=== Your objective ===
Nothing but the lines from the one containing "выставок в Белгороде" through the last line of the data below should be returned, each copied exactly.

[[ Extracted records, beginning ]]

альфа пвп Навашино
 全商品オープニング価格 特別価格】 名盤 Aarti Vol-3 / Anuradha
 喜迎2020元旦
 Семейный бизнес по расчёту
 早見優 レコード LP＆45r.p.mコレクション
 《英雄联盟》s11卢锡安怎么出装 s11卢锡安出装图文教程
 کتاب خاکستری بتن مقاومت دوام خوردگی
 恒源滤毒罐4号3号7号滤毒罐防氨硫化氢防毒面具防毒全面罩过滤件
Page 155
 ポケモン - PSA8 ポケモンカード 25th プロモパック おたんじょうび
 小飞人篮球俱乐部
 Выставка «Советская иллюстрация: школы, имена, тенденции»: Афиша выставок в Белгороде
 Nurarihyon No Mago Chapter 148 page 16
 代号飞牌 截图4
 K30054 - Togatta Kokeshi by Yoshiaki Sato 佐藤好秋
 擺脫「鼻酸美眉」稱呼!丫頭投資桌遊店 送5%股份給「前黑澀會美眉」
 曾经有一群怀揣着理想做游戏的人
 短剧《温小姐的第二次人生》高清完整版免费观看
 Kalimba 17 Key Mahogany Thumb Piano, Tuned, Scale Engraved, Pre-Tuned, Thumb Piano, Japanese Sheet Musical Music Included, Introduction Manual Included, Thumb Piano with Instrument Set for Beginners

[[ Extracted records, end ]]

=== Solution for this exercise ===
 Выставка «Советская иллюстрация: школы, имена, тенденции»: Афиша выставок в Белгороде
 Nurarihyon No Mago Chapter 148 page 16
 代号飞牌 截图4
 K30054 - Togatta Kokeshi by Yoshiaki Sato 佐藤好秋
 擺脫「鼻酸美眉」稱呼!丫頭投資桌遊店 送5%股份給「前黑澀會美眉」
 曾经有一群怀揣着理想做游戏的人
 短剧《温小姐的第二次人生》高清完整版免费观看
 Kalimba 17 Key Mahogany Thumb Piano, Tuned, Scale Engraved, Pre-Tuned, Thumb Piano, Japanese Sheet Musical Music Included, Introduction Manual Included, Thumb Piano with Instrument Set for Beginners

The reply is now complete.